The problem -
When you transcribe the entries below, begin at their first line and stop after the line containing "AC Milan Pre-match"; pictures stay out.
>>>>>
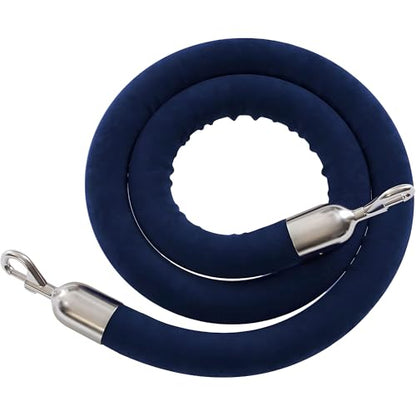 CCW 6 Ft Dark Blue Velvet Hanging Stanchion Rope, Stainless Steel Snaps - color: Dark Blue Polished Stainless Steel Snap Ends, size: 6 Foot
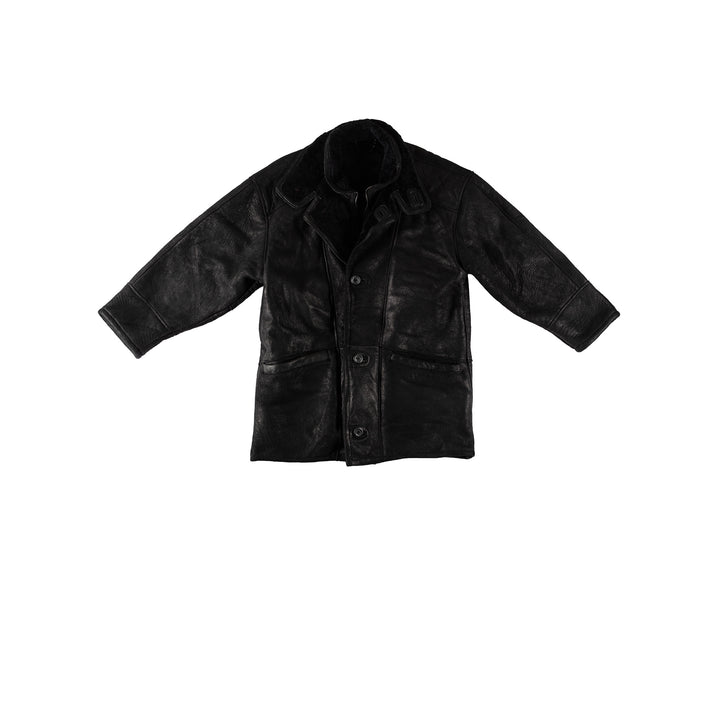 Vintage 80's Men Sheepskin Coat in BlackVN556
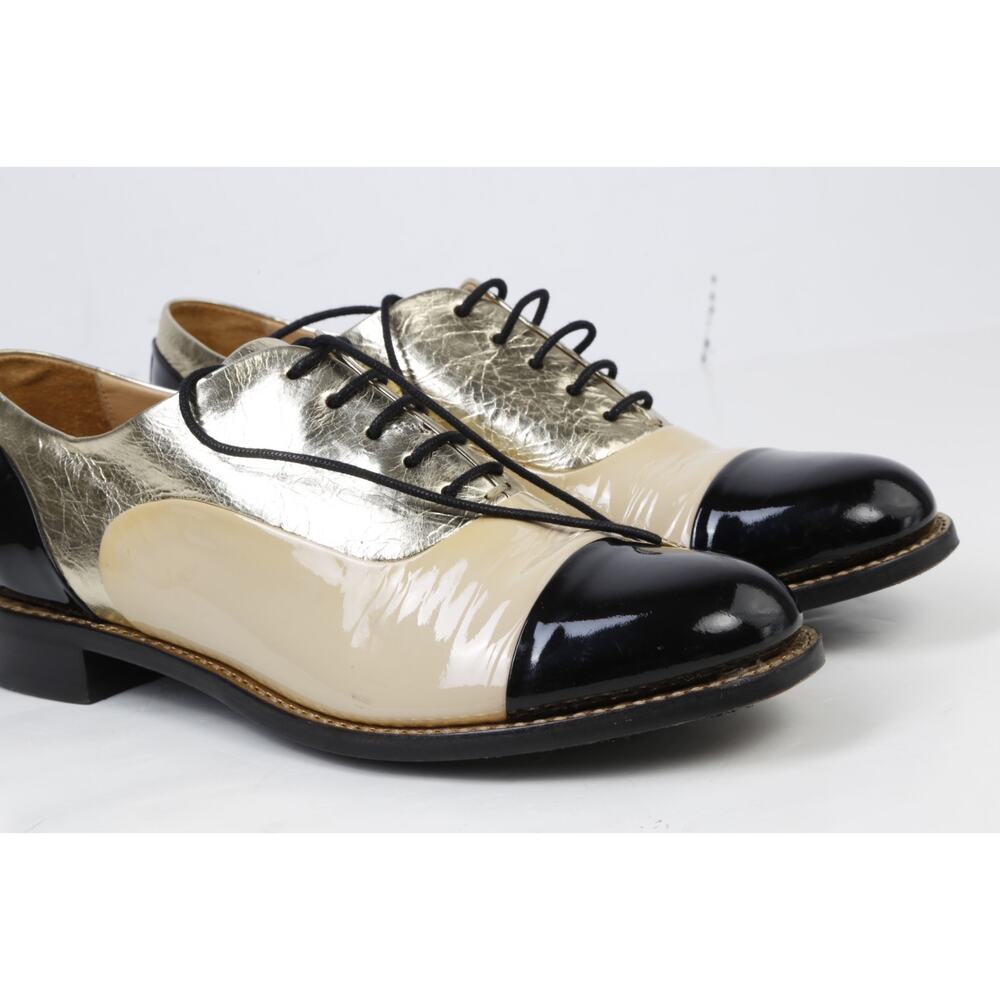 The Office OF Angela Scott Oxfords 38.5 Mr Colin Patent Nude Metallic Leather - Picture 12 of 16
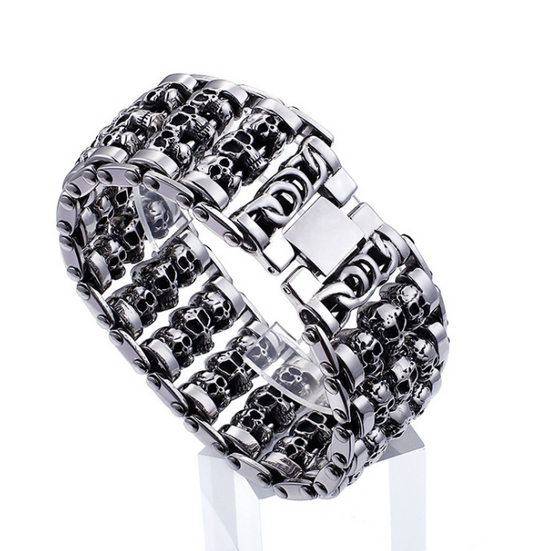 Pulsera de Acero Titanio con Calavera - Image 2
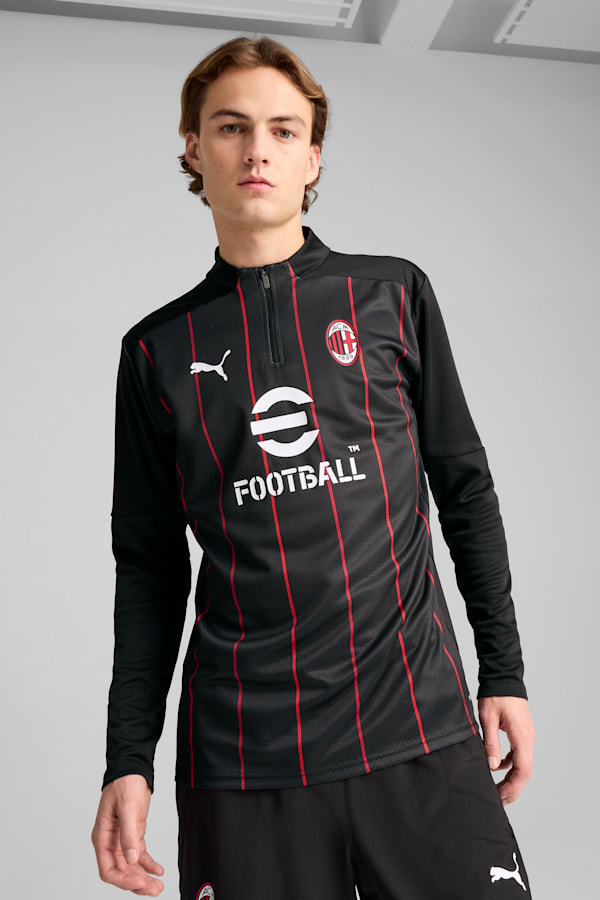 AC Milan Pre-match 1/4 Zip Top Men, PUMA Black-For All Time Red, extralarge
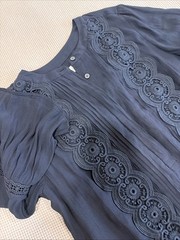 Loft Blue Dress With Lace, Accent, Flow Sleeves, And Bottom Size 0 Women’s ￼
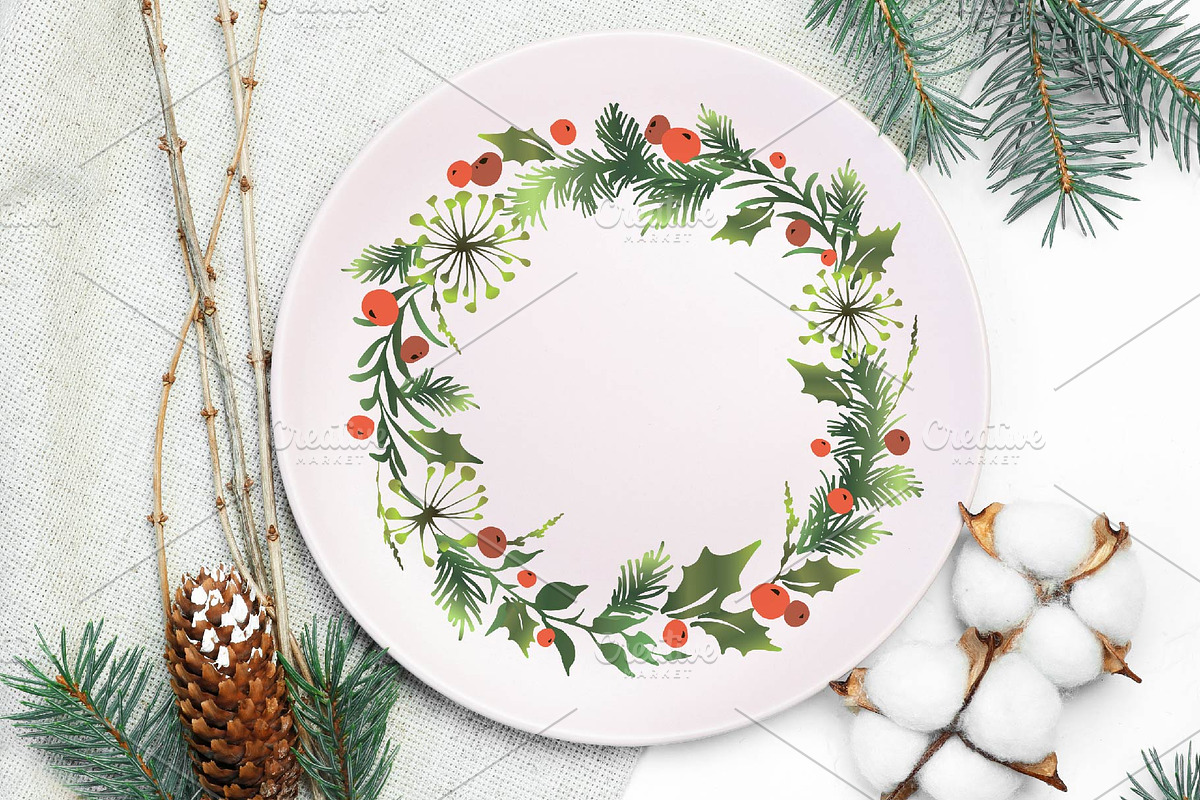 Christmas decorative elements., a Decorative Illustration by VetaDesign (Photo 4 of 11)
<<<<<
Exercise solution -
 CCW 6 Ft Dark Blue Velvet Hanging Stanchion Rope, Stainless Steel Snaps - color: Dark Blue Polished Stainless Steel Snap Ends, size: 6 Foot
 Vintage 80's Men Sheepskin Coat in BlackVN556
 The Office OF Angela Scott Oxfords 38.5 Mr Colin Patent Nude Metallic Leather - Picture 12 of 16
 Pulsera de Acero Titanio con Calavera - Image 2
 AC Milan Pre-match 1/4 Zip Top Men, PUMA Black-For All Time Red, extralarge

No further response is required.